Apa yang salah dengan polip anus yang gatal?

Anus manusia pada rambut, folikel rambut atau kelenjar keringat lebih banyak, dan bagian dari kebersihan dan kebersihan daripada bagian tubuh lainnya sehingga bakteri mudah berkembang biak, dan sebagian besar orang duduk dalam waktu lama, kurang berolahraga, sirkulasi darah lokal lebih sedikit, jangka panjang dapat terjadi di sekitar kulit anus dan lesi jaringan dalam, terutama rentan terhadap folikulitis panjang, herpes, bisul, bisul, bisul, dan sebagainya. Stimulasi peradangan kulit berulang dari hiperplasia stratum korneum menyebabkan anus mudah tumbuh lesi polipoid, terutama dengan wasir, proktitis, menyembunyikan sinus rambut atau lesi perianal di sekitar anus yang mudah lembab, dalam jangka panjang mudah menyebabkan kulit gatal.
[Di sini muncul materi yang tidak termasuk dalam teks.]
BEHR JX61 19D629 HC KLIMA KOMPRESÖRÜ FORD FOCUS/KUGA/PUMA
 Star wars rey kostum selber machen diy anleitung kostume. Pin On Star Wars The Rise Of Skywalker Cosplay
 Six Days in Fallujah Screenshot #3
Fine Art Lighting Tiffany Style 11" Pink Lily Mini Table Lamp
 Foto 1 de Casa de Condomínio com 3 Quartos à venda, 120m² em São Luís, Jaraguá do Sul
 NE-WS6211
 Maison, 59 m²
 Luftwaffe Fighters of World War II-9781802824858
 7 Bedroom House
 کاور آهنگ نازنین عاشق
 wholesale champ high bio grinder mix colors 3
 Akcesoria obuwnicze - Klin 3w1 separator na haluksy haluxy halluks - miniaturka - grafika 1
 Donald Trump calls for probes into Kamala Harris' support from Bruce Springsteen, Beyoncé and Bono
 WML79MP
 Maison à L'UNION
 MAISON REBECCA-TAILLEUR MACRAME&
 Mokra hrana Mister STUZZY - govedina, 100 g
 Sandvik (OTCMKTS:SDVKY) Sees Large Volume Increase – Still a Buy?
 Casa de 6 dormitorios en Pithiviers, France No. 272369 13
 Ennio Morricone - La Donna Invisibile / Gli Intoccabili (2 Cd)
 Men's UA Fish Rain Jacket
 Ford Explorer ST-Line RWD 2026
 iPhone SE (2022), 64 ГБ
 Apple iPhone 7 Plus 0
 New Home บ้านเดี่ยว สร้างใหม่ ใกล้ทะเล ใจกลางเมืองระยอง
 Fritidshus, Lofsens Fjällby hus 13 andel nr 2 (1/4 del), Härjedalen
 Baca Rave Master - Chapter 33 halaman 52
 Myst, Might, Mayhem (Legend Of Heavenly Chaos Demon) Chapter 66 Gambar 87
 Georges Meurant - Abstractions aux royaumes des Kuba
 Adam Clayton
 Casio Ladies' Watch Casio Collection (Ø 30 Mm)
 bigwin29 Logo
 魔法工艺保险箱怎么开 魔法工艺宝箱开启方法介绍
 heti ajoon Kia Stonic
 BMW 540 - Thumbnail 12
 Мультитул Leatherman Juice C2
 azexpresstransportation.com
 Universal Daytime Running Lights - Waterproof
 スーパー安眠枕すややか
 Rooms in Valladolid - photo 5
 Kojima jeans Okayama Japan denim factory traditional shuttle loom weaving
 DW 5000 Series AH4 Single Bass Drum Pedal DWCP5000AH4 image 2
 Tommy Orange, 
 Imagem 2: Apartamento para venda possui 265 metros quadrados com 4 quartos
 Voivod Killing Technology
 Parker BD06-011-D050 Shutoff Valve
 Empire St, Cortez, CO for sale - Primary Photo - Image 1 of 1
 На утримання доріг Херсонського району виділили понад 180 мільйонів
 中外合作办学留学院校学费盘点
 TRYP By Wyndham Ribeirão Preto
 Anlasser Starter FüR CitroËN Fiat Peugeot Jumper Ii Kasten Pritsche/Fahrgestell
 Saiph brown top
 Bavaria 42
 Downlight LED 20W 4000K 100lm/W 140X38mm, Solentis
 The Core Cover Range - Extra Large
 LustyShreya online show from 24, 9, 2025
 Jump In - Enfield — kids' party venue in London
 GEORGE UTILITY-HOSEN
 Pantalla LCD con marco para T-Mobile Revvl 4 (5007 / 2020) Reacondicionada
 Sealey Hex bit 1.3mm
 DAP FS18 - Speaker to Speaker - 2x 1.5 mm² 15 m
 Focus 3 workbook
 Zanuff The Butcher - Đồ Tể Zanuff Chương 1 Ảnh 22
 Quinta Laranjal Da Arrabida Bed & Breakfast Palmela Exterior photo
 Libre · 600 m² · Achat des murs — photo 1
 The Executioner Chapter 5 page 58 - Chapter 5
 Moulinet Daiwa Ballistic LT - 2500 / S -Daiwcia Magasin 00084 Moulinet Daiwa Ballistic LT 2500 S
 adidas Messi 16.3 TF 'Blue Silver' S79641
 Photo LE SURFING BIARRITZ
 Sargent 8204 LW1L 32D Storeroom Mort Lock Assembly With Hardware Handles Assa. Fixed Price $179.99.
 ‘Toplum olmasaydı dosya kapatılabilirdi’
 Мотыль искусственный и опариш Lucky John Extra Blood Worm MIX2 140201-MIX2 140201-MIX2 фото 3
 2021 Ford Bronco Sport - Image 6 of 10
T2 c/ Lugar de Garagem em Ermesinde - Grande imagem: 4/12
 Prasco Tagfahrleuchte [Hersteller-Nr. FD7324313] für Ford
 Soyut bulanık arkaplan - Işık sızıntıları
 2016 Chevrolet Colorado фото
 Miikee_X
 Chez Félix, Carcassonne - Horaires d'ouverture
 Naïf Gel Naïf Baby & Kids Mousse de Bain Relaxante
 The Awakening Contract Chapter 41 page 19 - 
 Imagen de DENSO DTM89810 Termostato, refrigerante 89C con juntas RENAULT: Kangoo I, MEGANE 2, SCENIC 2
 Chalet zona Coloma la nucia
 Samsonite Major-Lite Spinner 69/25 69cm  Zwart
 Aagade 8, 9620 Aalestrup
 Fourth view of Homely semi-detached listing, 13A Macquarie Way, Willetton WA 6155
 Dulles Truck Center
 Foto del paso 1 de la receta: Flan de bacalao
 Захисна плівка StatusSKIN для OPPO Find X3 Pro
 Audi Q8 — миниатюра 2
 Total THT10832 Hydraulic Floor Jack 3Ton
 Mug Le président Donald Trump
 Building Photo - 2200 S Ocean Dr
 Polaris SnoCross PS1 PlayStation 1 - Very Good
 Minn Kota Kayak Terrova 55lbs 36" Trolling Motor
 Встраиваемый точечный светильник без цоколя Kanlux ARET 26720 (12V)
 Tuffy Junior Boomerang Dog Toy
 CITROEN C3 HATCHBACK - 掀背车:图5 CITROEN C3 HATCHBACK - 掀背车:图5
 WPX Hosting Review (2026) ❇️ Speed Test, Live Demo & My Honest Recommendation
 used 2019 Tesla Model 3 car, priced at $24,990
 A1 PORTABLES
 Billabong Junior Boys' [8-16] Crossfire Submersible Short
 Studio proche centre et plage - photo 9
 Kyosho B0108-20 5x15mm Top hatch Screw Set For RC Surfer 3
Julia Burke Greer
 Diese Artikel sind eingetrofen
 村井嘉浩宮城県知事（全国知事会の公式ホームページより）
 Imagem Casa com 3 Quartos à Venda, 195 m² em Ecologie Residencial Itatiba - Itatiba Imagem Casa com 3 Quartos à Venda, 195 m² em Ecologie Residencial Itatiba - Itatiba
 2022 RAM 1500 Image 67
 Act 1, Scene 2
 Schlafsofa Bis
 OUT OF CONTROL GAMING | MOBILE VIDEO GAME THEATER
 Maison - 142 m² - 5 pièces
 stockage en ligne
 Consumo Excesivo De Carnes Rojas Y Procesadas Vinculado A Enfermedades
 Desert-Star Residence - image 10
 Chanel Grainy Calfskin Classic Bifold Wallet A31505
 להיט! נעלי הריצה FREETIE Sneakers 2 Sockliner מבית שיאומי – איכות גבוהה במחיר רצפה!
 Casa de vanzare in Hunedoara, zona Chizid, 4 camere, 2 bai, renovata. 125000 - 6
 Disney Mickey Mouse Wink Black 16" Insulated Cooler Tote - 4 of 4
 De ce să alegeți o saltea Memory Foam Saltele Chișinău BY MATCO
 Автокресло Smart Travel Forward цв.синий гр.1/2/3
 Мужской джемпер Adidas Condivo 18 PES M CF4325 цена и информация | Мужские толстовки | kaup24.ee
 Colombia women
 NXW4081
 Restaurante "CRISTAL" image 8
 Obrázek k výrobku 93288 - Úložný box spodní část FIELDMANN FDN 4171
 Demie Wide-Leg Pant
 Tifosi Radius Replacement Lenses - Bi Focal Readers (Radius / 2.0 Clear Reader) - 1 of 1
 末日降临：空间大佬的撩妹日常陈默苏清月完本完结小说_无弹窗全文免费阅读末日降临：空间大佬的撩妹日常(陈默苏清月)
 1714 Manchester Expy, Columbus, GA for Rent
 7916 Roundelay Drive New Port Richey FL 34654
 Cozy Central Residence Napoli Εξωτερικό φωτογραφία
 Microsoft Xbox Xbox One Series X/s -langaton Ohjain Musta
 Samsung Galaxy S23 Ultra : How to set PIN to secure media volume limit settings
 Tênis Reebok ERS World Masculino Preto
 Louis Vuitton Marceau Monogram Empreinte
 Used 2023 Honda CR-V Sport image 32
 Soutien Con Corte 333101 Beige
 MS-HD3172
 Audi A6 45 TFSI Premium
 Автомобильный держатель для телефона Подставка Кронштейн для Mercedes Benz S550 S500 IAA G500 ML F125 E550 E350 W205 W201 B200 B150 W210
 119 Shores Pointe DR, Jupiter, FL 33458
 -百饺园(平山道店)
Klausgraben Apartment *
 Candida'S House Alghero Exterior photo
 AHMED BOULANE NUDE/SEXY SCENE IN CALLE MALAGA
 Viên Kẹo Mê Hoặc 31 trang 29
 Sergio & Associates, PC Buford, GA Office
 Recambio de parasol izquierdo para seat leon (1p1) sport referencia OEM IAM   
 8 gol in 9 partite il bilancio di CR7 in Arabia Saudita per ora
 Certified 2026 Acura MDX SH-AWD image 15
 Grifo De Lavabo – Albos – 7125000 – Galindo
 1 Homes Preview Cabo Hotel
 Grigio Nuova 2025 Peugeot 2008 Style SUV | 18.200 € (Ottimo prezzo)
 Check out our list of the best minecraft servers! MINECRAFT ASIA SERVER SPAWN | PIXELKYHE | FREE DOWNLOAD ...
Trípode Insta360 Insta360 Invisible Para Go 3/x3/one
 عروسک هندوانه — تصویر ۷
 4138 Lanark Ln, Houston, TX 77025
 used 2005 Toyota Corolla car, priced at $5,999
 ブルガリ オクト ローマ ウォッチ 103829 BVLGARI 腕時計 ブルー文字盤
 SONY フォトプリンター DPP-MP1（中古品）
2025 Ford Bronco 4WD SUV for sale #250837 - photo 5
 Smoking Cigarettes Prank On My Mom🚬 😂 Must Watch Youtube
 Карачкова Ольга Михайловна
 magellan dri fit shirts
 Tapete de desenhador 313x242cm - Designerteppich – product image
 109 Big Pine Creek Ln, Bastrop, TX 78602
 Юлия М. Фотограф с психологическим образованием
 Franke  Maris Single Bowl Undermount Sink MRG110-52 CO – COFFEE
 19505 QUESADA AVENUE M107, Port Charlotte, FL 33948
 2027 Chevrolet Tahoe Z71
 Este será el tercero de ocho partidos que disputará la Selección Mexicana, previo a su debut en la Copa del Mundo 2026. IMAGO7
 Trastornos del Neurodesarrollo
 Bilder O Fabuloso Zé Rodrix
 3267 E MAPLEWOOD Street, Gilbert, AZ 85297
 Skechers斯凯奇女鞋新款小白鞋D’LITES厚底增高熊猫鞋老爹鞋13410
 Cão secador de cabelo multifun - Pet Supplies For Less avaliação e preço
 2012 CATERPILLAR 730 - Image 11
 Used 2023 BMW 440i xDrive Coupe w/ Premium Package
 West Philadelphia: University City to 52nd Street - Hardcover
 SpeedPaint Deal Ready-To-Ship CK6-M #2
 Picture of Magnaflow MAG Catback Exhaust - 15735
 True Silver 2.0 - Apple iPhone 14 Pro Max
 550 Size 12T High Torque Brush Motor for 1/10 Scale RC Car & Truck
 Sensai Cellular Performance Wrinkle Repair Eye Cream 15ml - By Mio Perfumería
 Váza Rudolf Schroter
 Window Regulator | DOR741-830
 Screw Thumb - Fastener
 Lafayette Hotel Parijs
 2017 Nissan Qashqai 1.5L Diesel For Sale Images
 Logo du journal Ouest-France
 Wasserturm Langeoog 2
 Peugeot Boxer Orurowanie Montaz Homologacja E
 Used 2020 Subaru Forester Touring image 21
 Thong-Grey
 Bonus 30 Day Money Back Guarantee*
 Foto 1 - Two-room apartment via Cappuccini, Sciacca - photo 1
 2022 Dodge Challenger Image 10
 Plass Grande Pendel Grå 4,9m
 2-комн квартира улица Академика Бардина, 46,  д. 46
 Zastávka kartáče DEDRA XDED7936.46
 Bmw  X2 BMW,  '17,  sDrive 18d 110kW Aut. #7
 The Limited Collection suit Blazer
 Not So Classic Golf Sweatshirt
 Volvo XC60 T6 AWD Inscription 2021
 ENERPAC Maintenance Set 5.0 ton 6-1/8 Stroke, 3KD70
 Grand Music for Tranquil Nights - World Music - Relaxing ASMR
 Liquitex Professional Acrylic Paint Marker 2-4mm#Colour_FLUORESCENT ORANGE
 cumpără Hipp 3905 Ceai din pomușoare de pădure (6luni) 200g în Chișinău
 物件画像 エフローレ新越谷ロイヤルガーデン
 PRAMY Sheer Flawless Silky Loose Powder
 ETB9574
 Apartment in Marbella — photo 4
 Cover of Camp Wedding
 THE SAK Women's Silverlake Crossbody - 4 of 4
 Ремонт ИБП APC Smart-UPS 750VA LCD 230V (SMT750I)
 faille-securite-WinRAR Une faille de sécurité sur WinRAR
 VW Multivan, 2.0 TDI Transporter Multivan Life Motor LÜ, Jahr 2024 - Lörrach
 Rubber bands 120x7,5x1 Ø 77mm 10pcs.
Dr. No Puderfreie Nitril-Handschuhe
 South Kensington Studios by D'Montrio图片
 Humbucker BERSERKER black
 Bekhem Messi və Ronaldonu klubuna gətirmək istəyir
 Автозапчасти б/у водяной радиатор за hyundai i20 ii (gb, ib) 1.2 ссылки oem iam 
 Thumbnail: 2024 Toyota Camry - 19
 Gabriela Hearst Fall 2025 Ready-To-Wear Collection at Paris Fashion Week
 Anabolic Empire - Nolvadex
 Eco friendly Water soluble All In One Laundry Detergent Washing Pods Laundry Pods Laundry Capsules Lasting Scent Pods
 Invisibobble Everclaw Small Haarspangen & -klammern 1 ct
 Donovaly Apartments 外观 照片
Selain itu, lesi hiperplastik pada jaringan polipoid juga dapat mengiritasi saraf di sekitar anus dan menyebabkan rasa gatal di daerah tersebut. Kondisi ini biasanya terlihat pada orang tua, orang yang mengalami gangguan kekebalan tubuh, orang yang terbaring di tempat tidur dalam waktu lama, untuk mencegah gejala ini, perlu menjaga kebersihan anus agar tetap bersih dan kering.